* **Your objective**: Down to the last line, write out the entries below exactly and omit all pictures.

* **Dataset**:
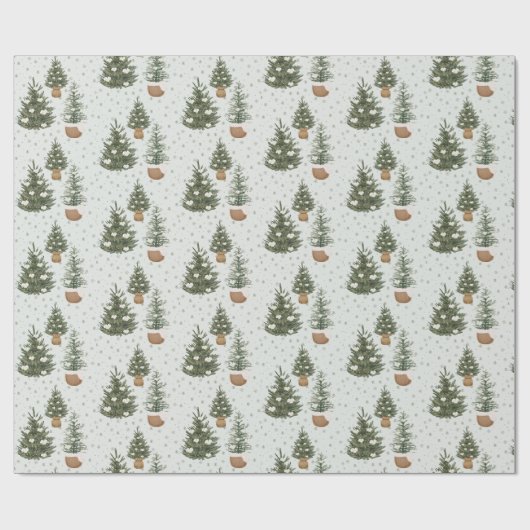 Kerstboom Witte Bloemen Sneeuw | Inpakpapier (Vlak)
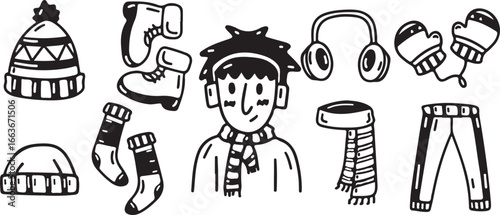 Cartoon Boy with Headphones – Music, Listening, Audio, Entertainment, Fun, Cool, Character, Illustration, Doodle, Hand Drawn, Teenager, Creative, Relax, Sound, Art, Sketch, Minimal, Vector
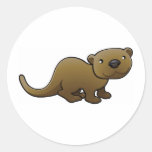 A sweet friendly otter round sticker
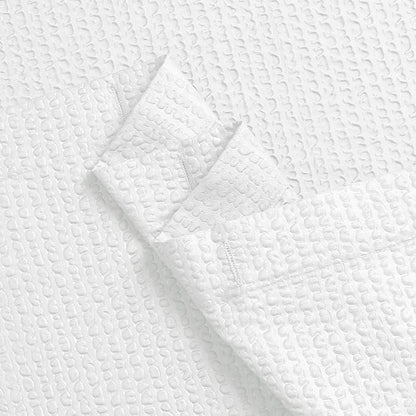 OVZME White Long Stall Shower Curtain 54X78 inch, Embossed Textured Fabric Shower Curtain for Bathroom - Soft Cloth & Hotel Spa, Water Repellent, Machine Washable Bathroom Curtain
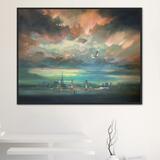 Down to earth , oil painting of spaceman over London 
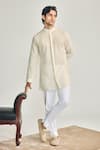 Buy_Project Bandi_Beige Cotton, Linen Beads, Embroidery Kin Cutdana Hand Short Kurta _at_Aza_Fashions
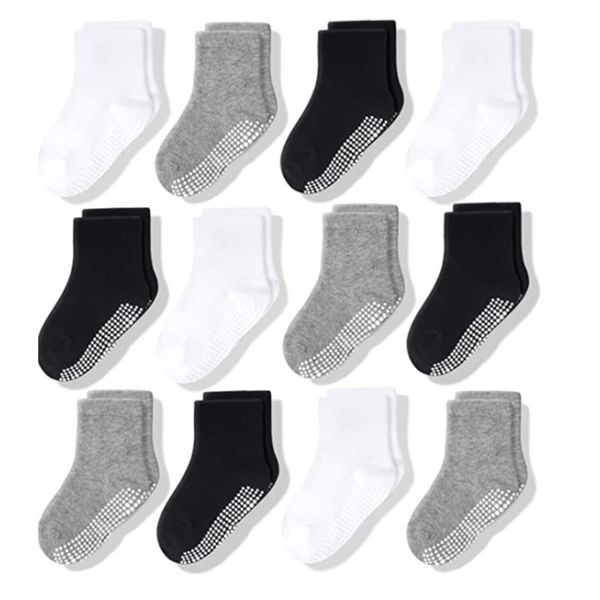 Rutschfeste Kindersocken für Kleinkinder, 12 Paar mit Griff, für Jungen, Mädchen, Babys, Kleinkinder, rutschfeste Baumwolle, Crew, 1–7 Jahre, LP221203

* **Answer to the exercise**:
 Kerstboom Witte Bloemen Sneeuw | Inpakpapier (Vlak)
 Cartoon Boy with Headphones – Music, Listening, Audio, Entertainment, Fun, Cool, Character, Illustration, Doodle, Hand Drawn, Teenager, Creative, Relax, Sound, Art, Sketch, Minimal, Vector
 A sweet friendly otter round sticker
 OVZME White Long Stall Shower Curtain 54X78 inch, Embossed Textured Fabric Shower Curtain for Bathroom - Soft Cloth & Hotel Spa, Water Repellent, Machine Washable Bathroom Curtain
 Down to earth , oil painting of spaceman over London 
 Buy_Project Bandi_Beige Cotton, Linen Beads, Embroidery Kin Cutdana Hand Short Kurta _at_Aza_Fashions
 Rutschfeste Kindersocken für Kleinkinder, 12 Paar mit Griff, für Jungen, Mädchen, Babys, Kleinkinder, rutschfeste Baumwolle, Crew, 1–7 Jahre, LP221203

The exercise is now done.